With RSV on the rise, 5 tips to protect your kids

December 15, 2023
With RSV on the rise, 5 tips to protect your kids

Pediatricians here and across the state are seeing a spike in respiratory virus RSV among kids. 

RSV is especially hard on infants, when congestion and breathing problems lead to sleep and feeding issues, says Pediatrician Ben Flannery, MD.

RSV infects the lungs and makes it hard to breathe. The virus spreads easily through coughs, sneezes, and snot (and there’s a lot of snot). RSV is especially serious because there’s no treatment for it.

“We’re also seeing lots of kids with very high fevers, often due to COVID and influenza,” Dr. Flannery adds.

Metro and children’s hospitals are often full right now, so beds are scarce for kids who are sick enough to need hospitalization.

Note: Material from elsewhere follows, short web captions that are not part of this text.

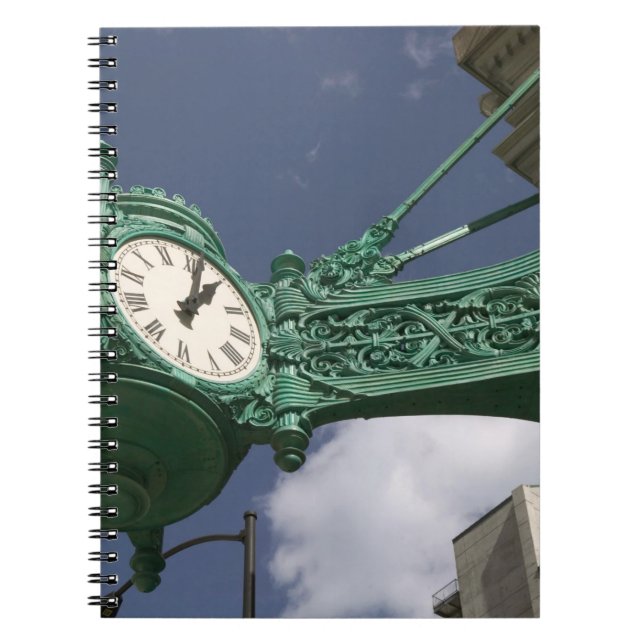 Caderno Espiral EUA, Illinois, Chicago: The Loop: North State (Frente)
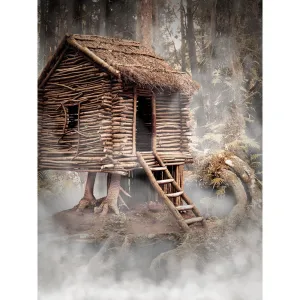 Witch Cabin Printed Backdrop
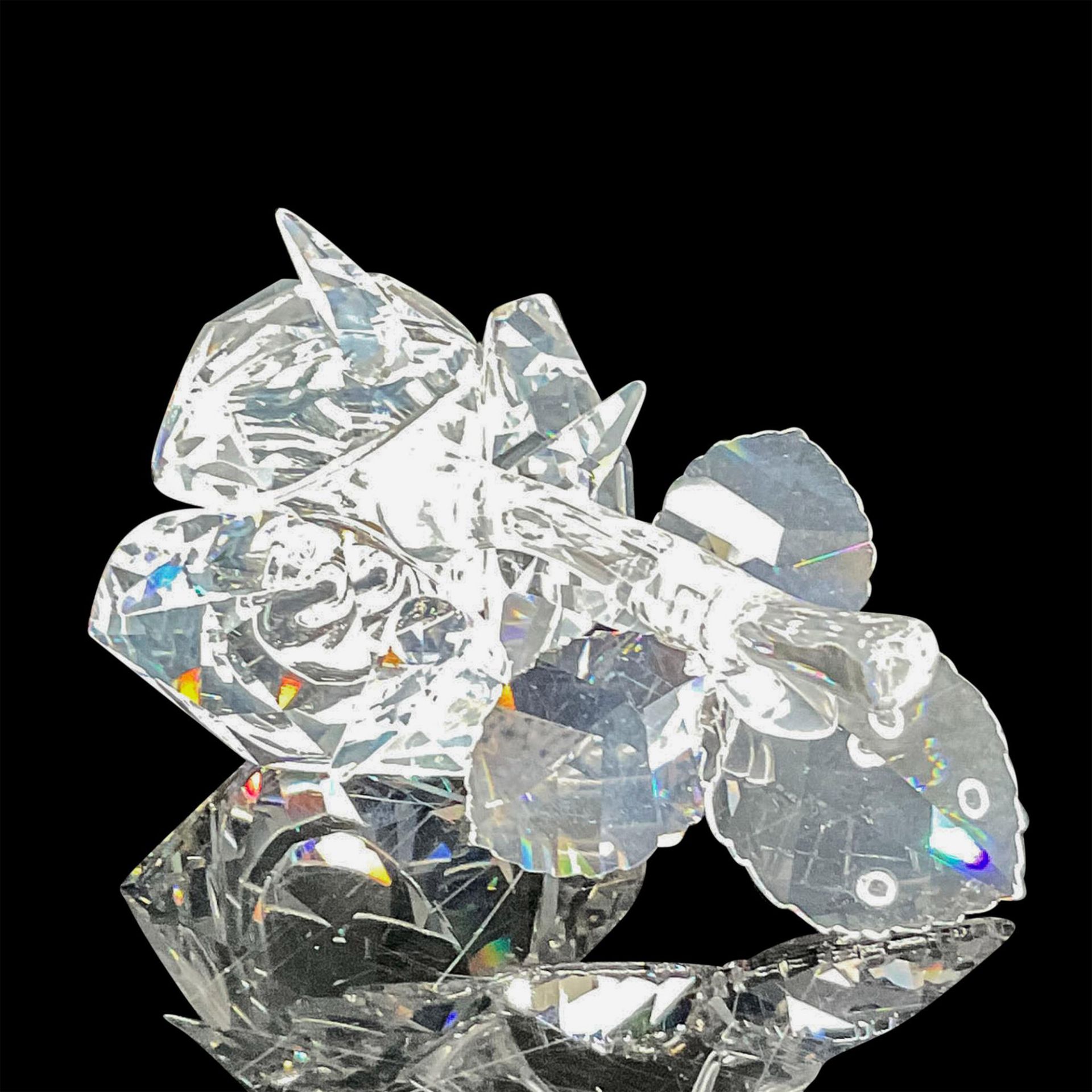 Swarovski Silver Crystal Figurine, Rose - Image 3 of 4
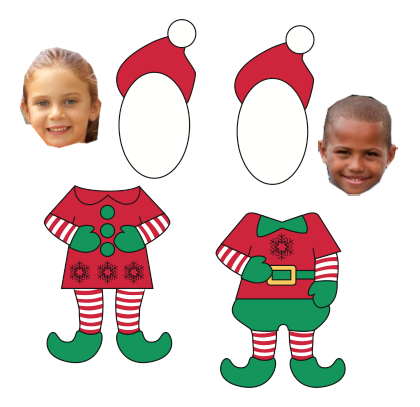 how would you look as an elf magic elf dancing elves christmas cards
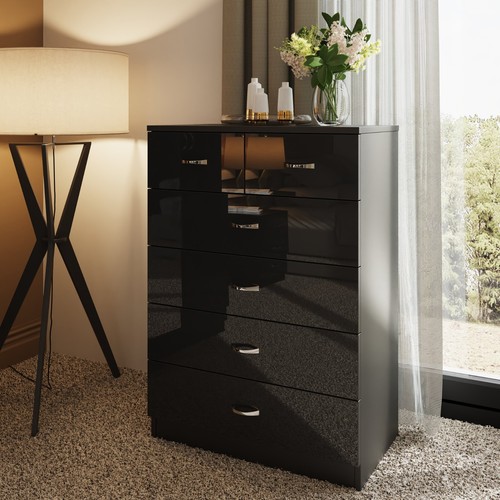 Black high gloss - high, large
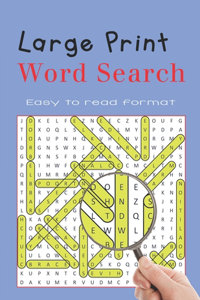 Large Print Word Search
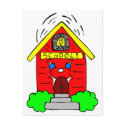Little Red Schoolhouse postcards by BackToSchoolDays Little Red Schoolhouse postcards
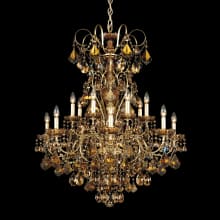 New Orleans 14 Light 32" Wide Crystal Chandelier with Heritage Crystals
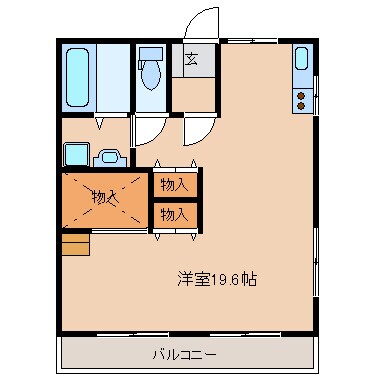 コアラハイツの物件間取画像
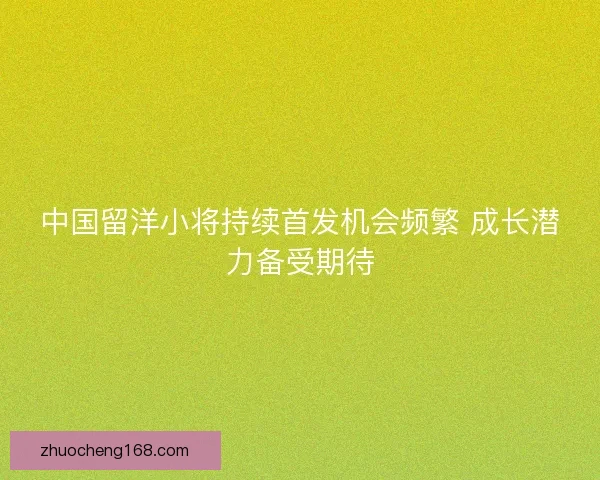 中国留洋小将持续首发机会频繁 成长潜力备受期待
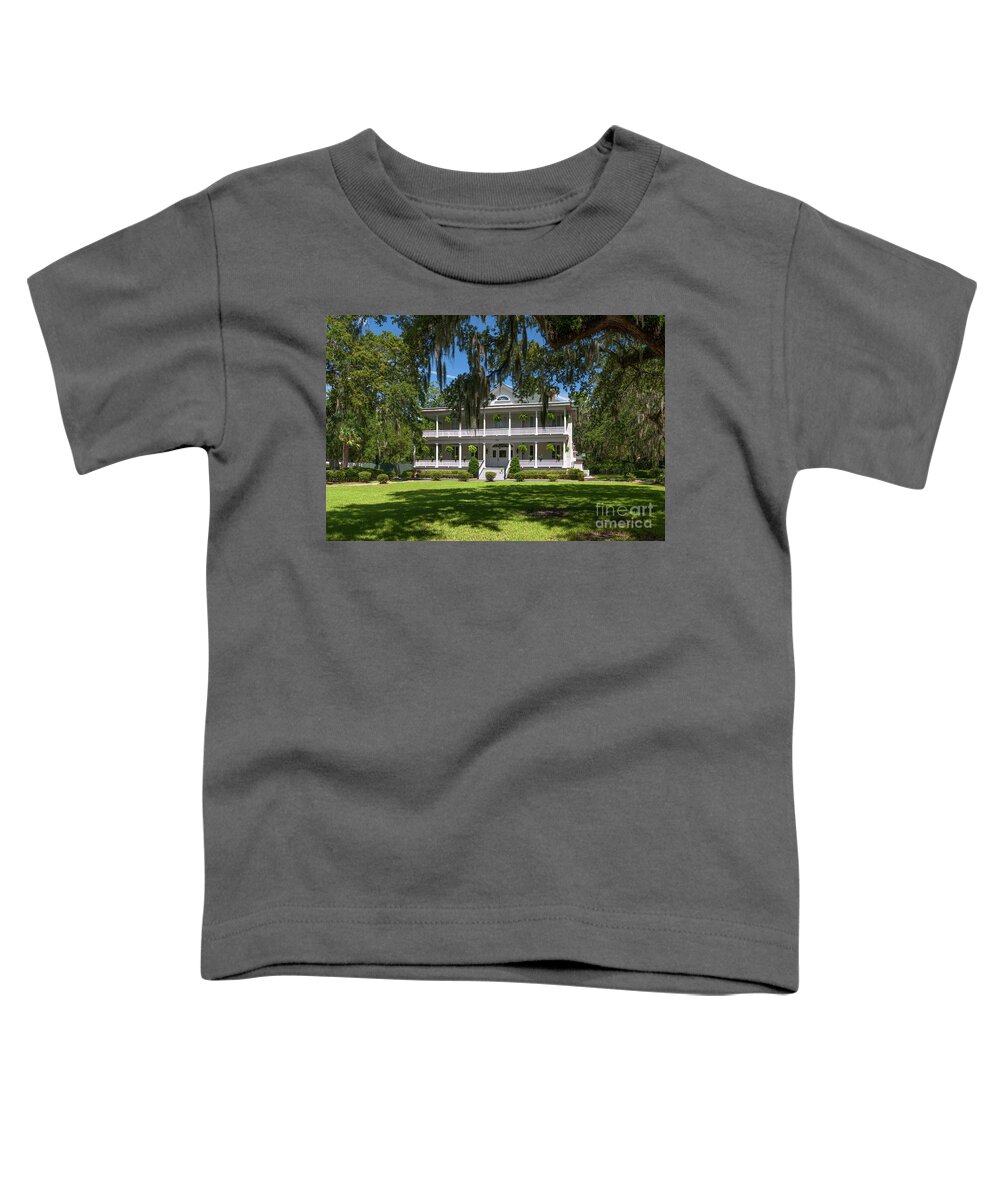 Officers Quarters Toddler T-Shirt featuring the photograph Officers Quarters on the Old Navy Base North Charleston SC by Dale Powell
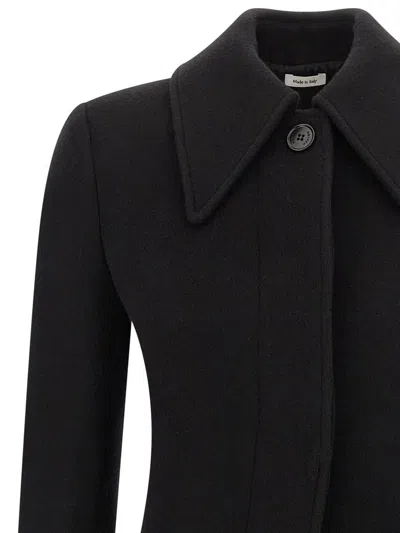 Alexander Mcqueen Wool And Cashmere Coat Coats And Trench Coats Black In Black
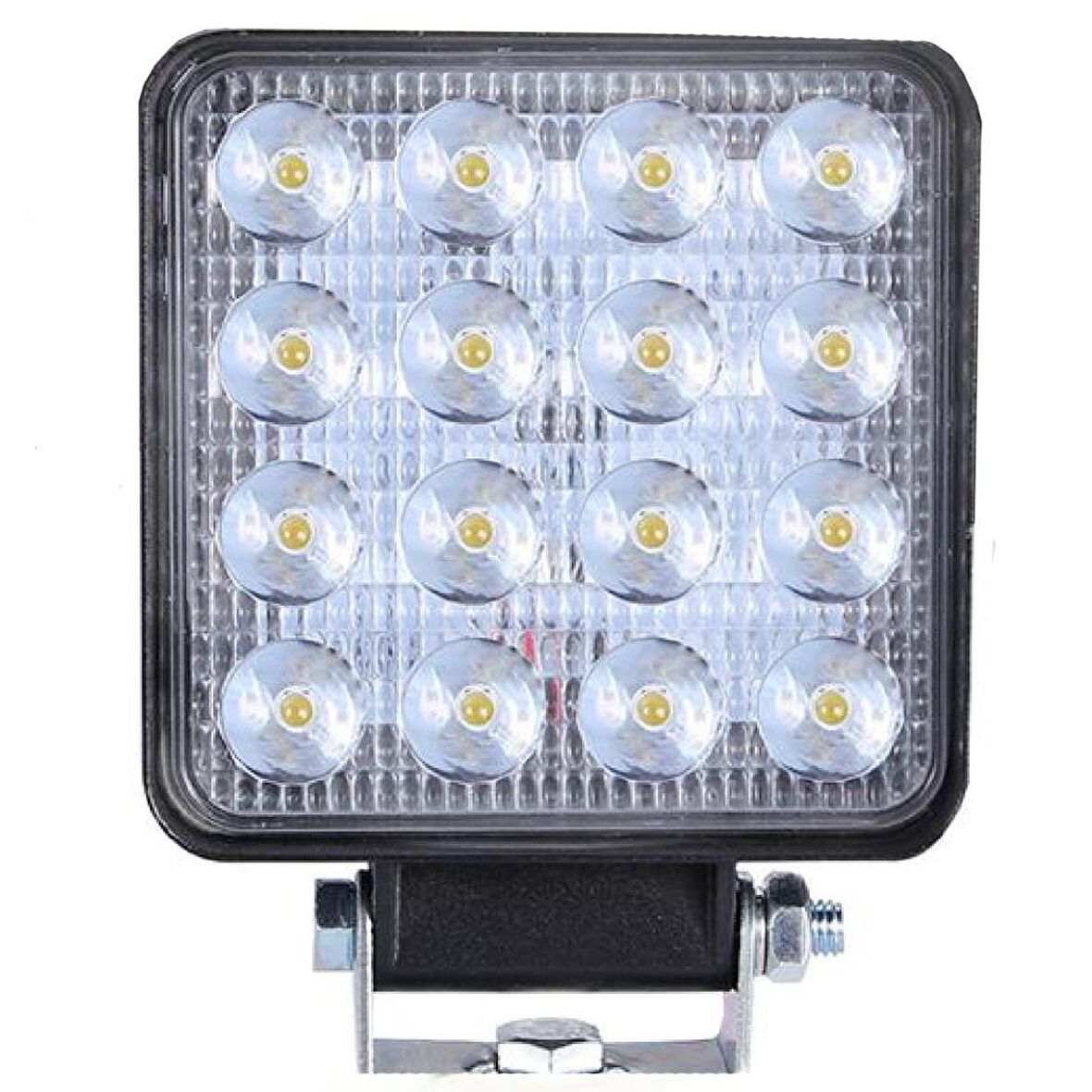 Off Road Gündüz Farı 16 Led Kare Çalışma Lambası 48 Watt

Dr. Flannery offers these tips to treat – or better yet, prevent – RSV and other viruses:

  1. Get their flu shot. It’s recommended for everyone 6 months and older.
  2. Keep kids home if they’re sick.
  3. Control fevers and fussiness with Tylenol (12 weeks and older) or ibuprofen (6 months and older).
  4. Push fluids to keep your child hydrated. For infants, feed smaller amounts more frequently to maintain hydration. For older kids, it’s okay if they don’t want to eat when they’re sick, but they need fluids. . . water, milk, juice, popsicles.
  5. Watch for signs of increased work to breathe, especially in infants.

Call your provider if a child under age 2 is: 

  • Breathing fast – more than 1 breath per second
  • Working hard to breathe in – the skin on the ribs or neck are sucking in with each breath
  • Not getting better after 5 days

Go to the Emergency Department for:

  • Baby under 2 months with difficult breathing, or fever 
  • Trouble breathing at night, especially for a child under age 2

During RSV season, “pregnant women should seriously think about the late-term RSV vaccine they can get to protect their newborn,” Dr. Flannery adds. “This is the best protection we can offer infants when RSV is circulating.”

RSV vaccine is recommended for women during 32-36 weeks of pregnancy. It’s available at NH+C’s Women’s Health Center.